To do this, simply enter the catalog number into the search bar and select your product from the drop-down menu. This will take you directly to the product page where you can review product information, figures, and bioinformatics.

* * *

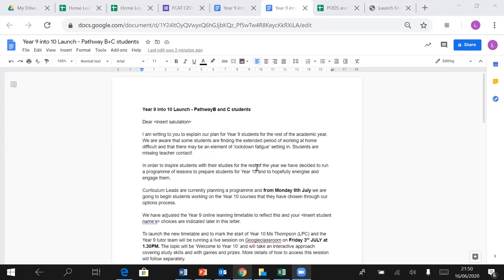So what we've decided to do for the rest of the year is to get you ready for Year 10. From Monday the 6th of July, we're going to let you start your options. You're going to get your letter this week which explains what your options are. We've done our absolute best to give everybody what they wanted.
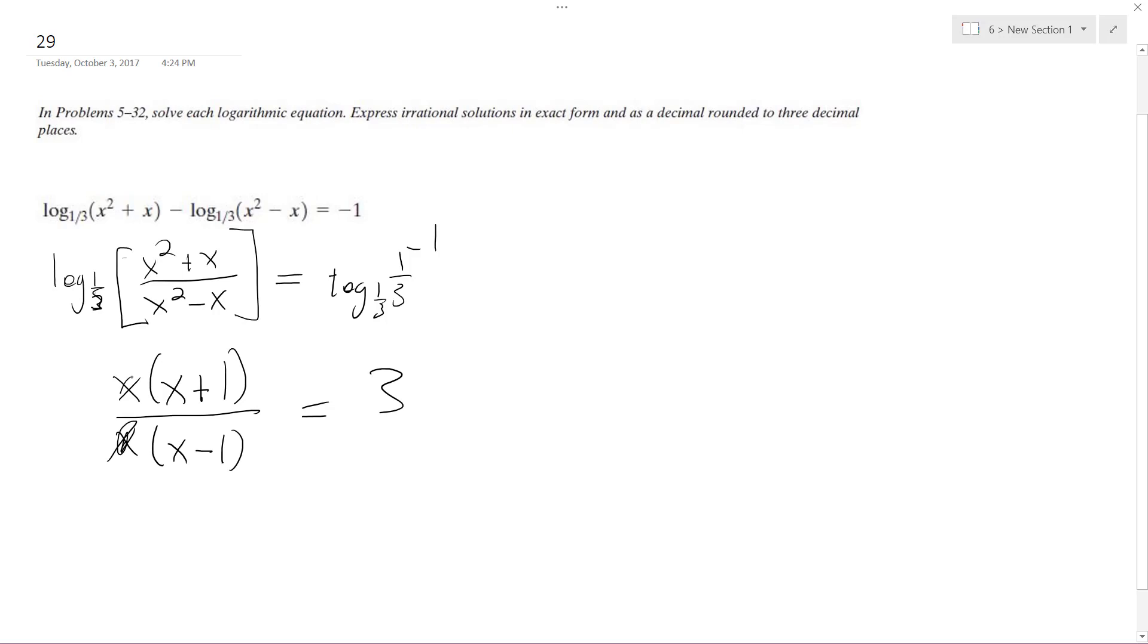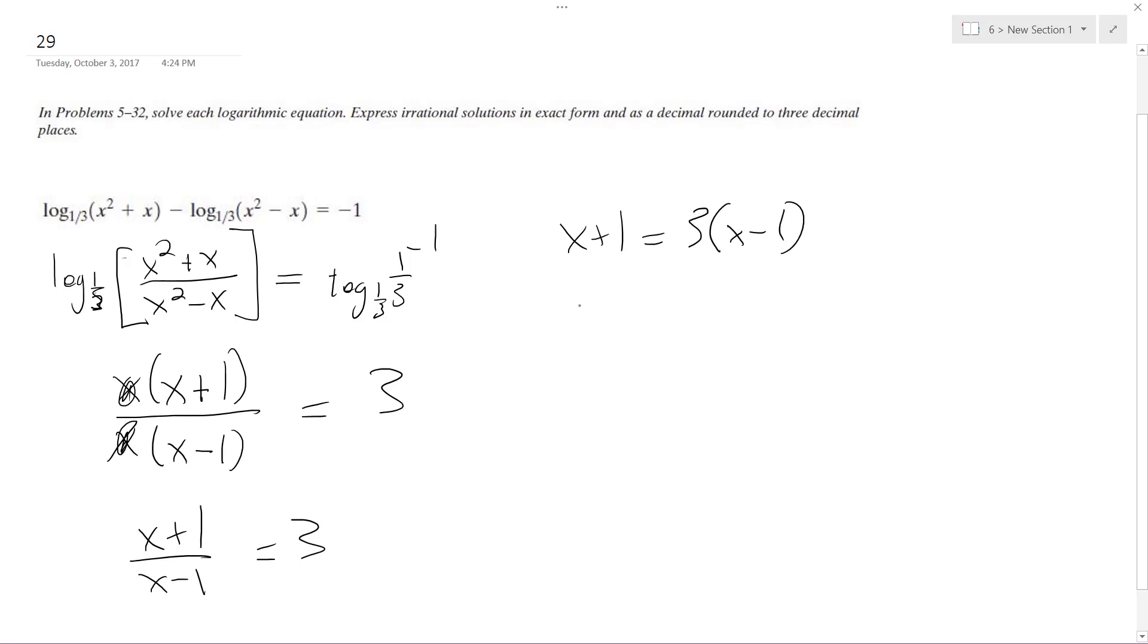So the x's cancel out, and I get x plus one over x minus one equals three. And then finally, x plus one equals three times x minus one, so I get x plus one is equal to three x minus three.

What you should do ->
Only one stretch of the data is wanted: write out exactly the lines from the one holding "So what we've" through the one holding "So the x's cancel", both included, without the pictures.

Response ->
So what we've decided to do for the rest of the year is to get you ready for Year 10. From Monday the 6th of July, we're going to let you start your options. You're going to get your letter this week which explains what your options are. We've done our absolute best to give everybody what they wanted.
So the x's cancel out, and I get x plus one over x minus one equals three. And then finally, x plus one equals three times x minus one, so I get x plus one is equal to three x minus three.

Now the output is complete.